Windows使いの人は、こういう画面に何の疑問も感じることなくパソコンを立ち上げているようだ。
しかしよく考えてほしい。「ようこそ」とは誰が誰に対していう言葉か。
主人が、客に対していうのが「ようこそ(いらっしゃいました)」だろう。
この場合主人とはWindows、あるいはMicrosoftだ。そして客とは私やあなたということになる。
そうだろうか? 私は金を出してWindowsパソコンを買った。そしてそれを「使って」仕事やゲームをしている。あくまで「私」が主人のはずなのに、Microsoftの考えはそうではない。
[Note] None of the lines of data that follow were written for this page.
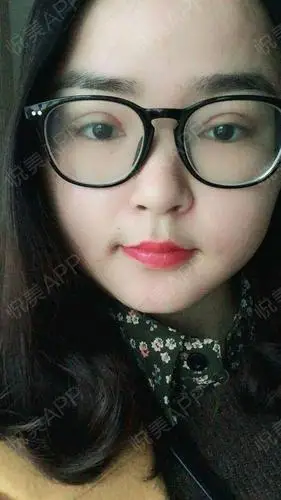 全切双眼皮术后7天_双眼皮术后7天_眼部整形术后7天_阜阳黛莱美医疗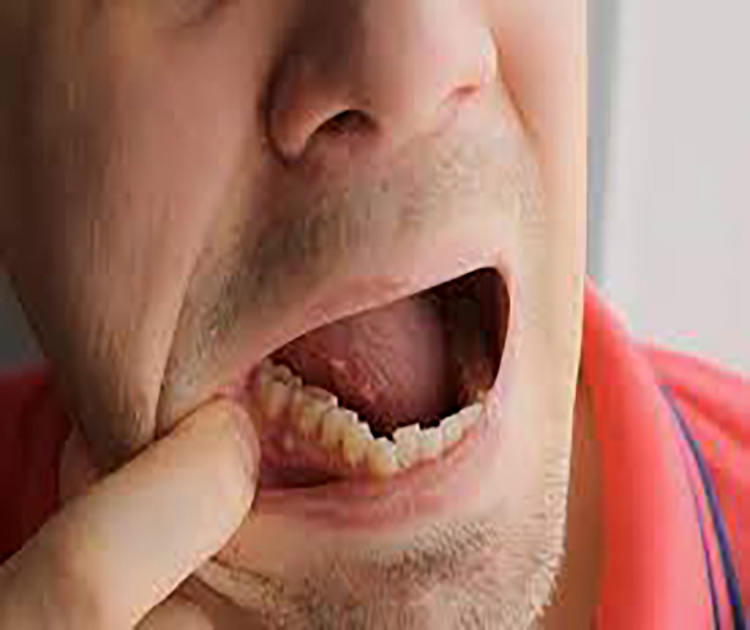 Dental Infections - emergency dentist Toronto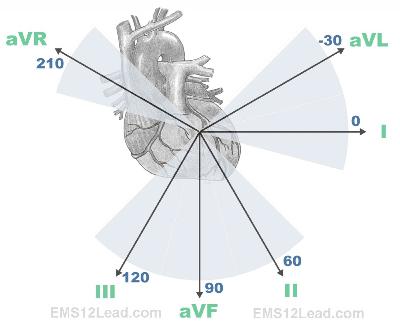 EKG Leads EKG Leads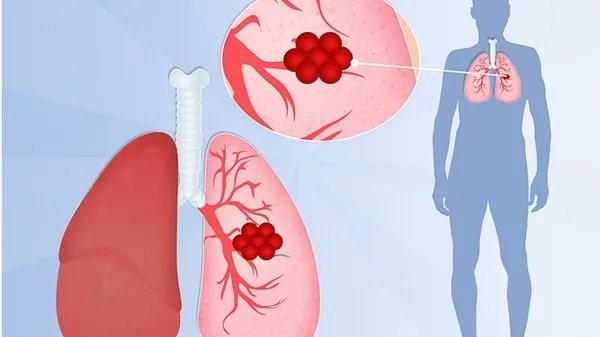 单日新增确诊超7万例，超三分之一美国人身边有人死于新冠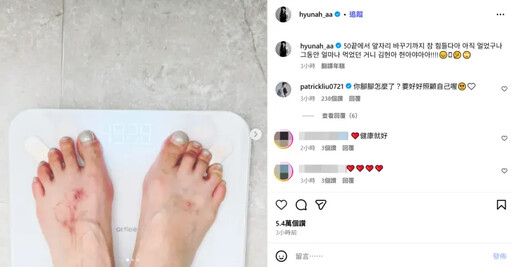 減肥後火速瘦回4字頭!泫雅腳背傷口引擔憂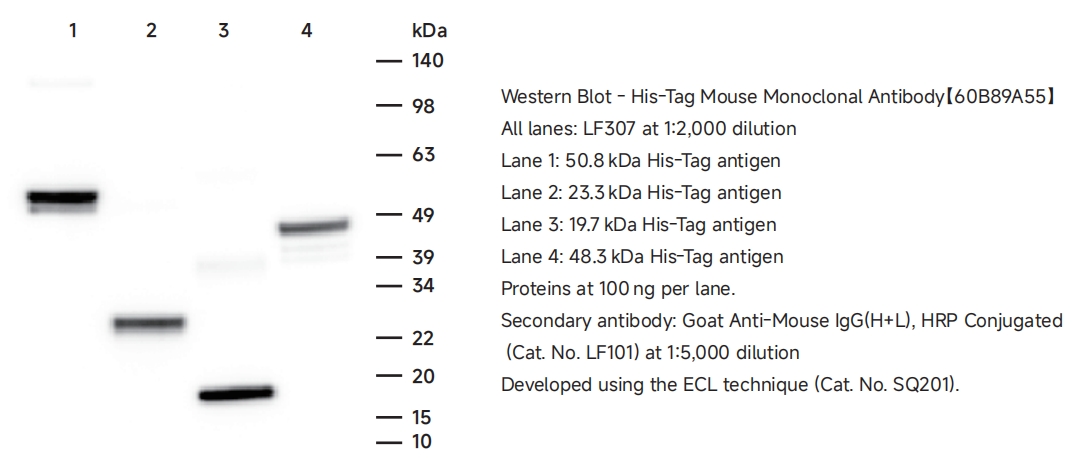 LF307 His-Tag鼠单克隆抗体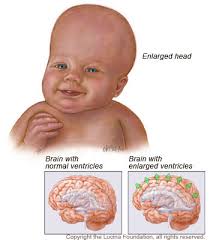 congenital hydrocephalus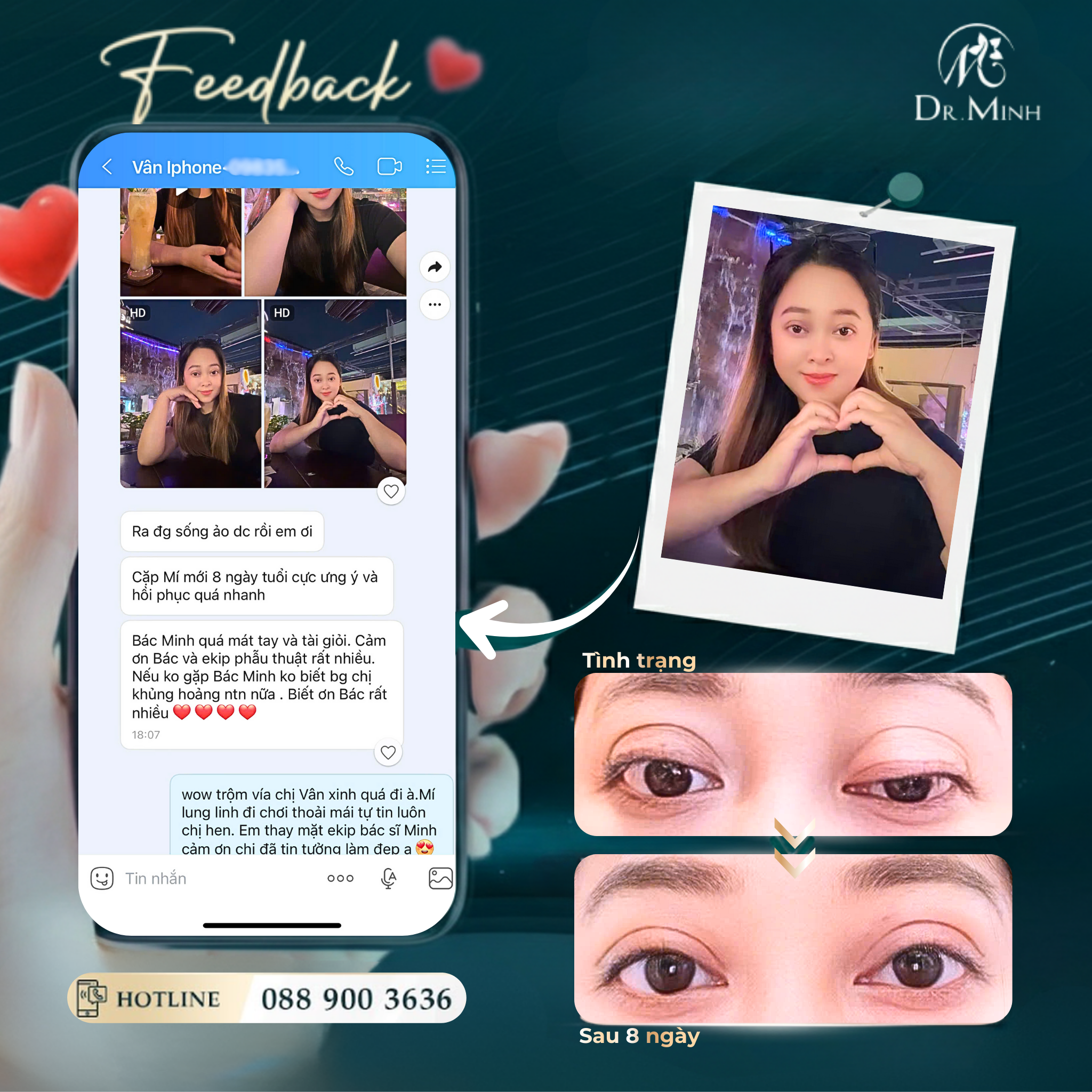 Từ nhược cơ mi đến mí hỏng nặng - người phụ nữ kinh doanh đã vượt qua biến chứng mí mắt cùng Dr.Minh như thế nào?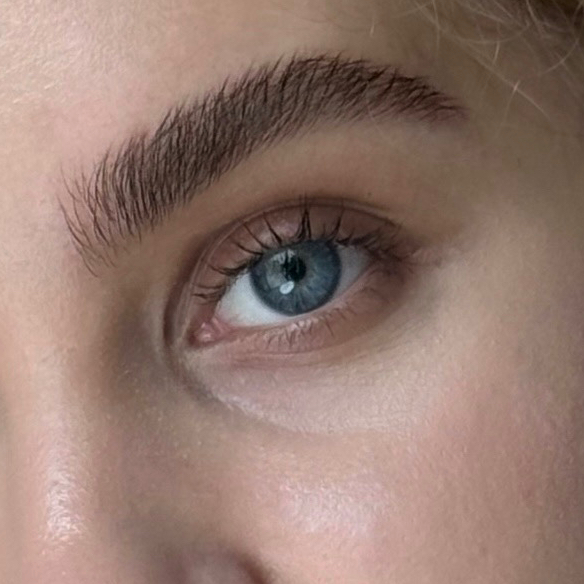 Удаление нежелательных волос воском над верхней губой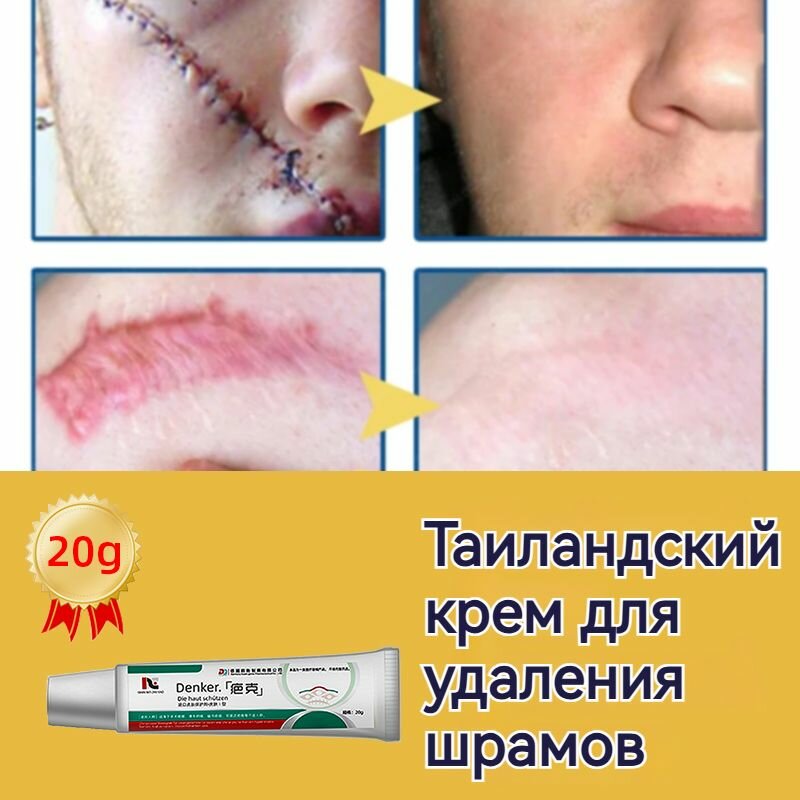 Немецкий Крем от шрамов и рубцов 20 г гель от прыщей на лице мазь против ожогов и пигментных пятен и теле средство от постакне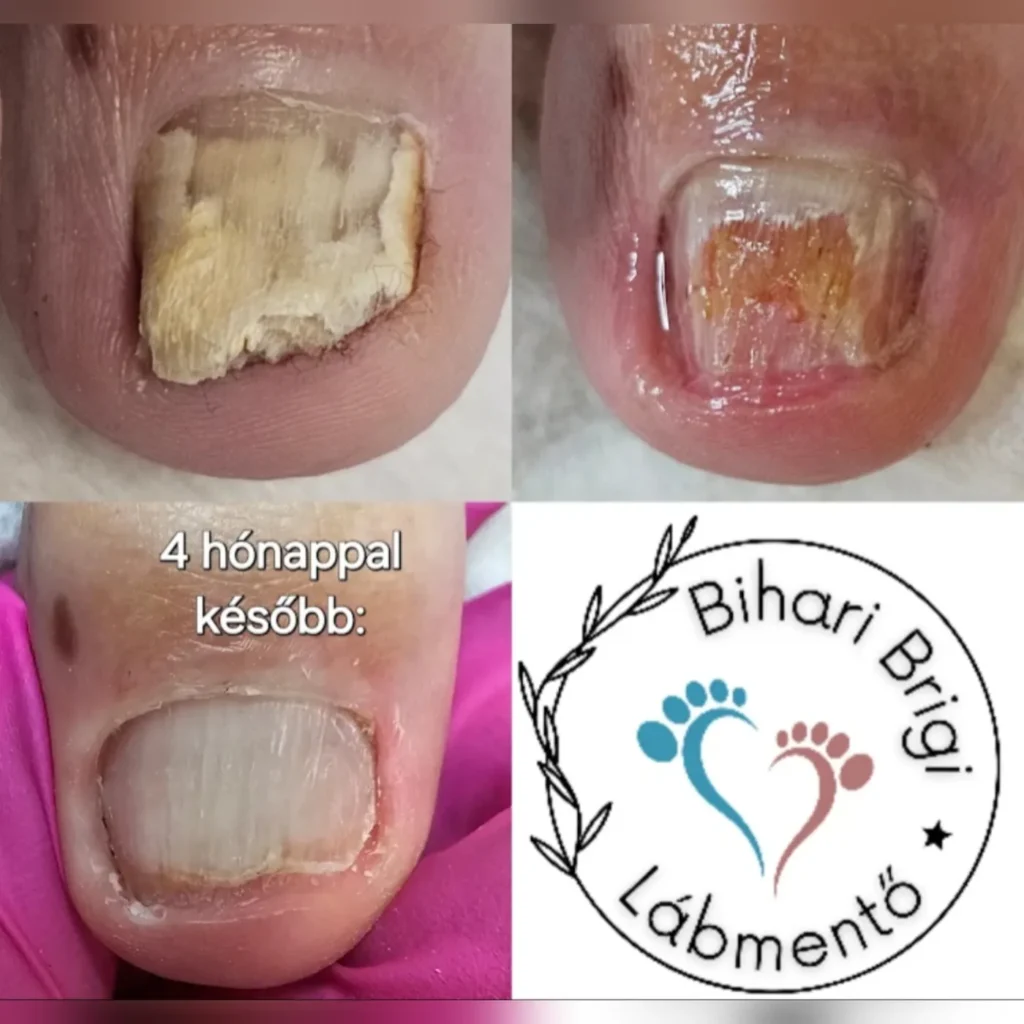 Gombás köröm négy hónap alatt változás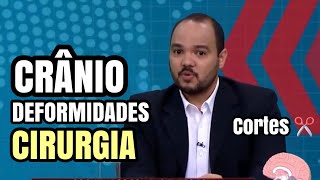 Deformidade no crânio do bebê como identificar e formas de tratamento para CABEÇA TORTA cortes [upl. by Gow]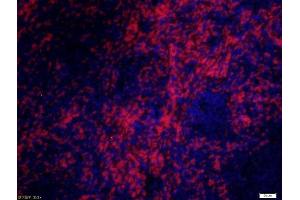Paraformaldehyde-fixed, paraffin embedded rat spleen, Antigen retrieval by boiling in sodium citrate buffer (pH6) for 15min, Block endogenous peroxidase by 3% hydrogen peroxide for 30 minutes, Blocking buffer (normal goat serum) at 37°C for 20min, Antibody incubation with CD8 alpha Polyclonal Antibody, Unconjugated  at 1:200 overnight at 4°C, followed by a conjugated secondary Goat Anti-Rabbit IgG, Cy3 conjugated-Cy3)used at 1:200 dilution for 40 minutes at 37°C and DAPI staining. (CD8 alpha antibody  (AA 51-150))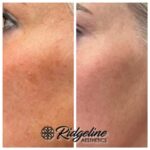 ZO 3 Before and After - Ridgeline Aesthetics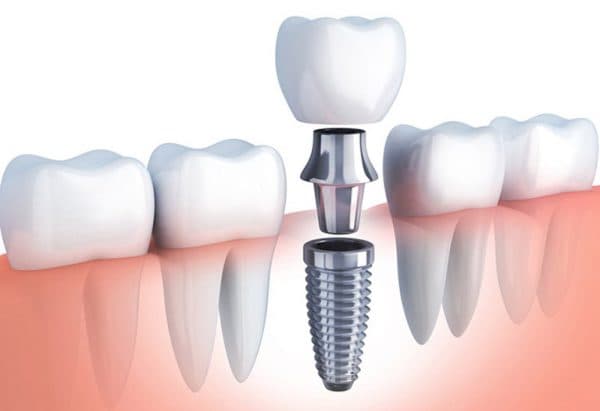 Giá trồng Implant Hàn Quốc được đánh giá là vừa tầm, dao động từ 15-20 triệu đồng/răng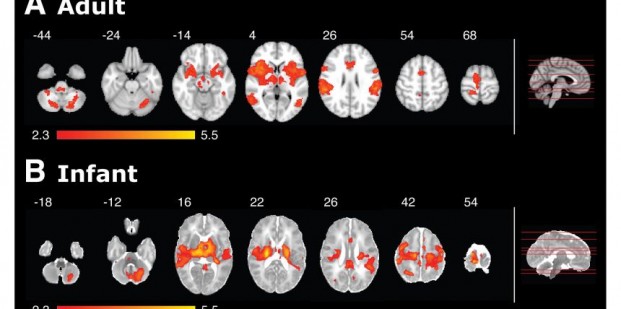 Babies and pain comparison figure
主人はMicrosoftやWindowsであり、使う人はあくまで「客」であり「従」なのだ。
徹底して、何らかの目的を達成するための使いやすい「道具」としてコンピュータを考えて来たSteve Jobsらの思想とは、まるっきり逆だということがわかる。
iPhoneやiPadが顧客満足度ナンバーワンで熱狂的に指示されている理由はそこにある。使い手の手になじむ心地よい道具としての位置づけ。
道具の使い手を無視し、いつまでも「ようこそ」と主人面を続ける過ちに気づかないMicrosoftは、ますます「客」からそっぽを向かれて行くだろう。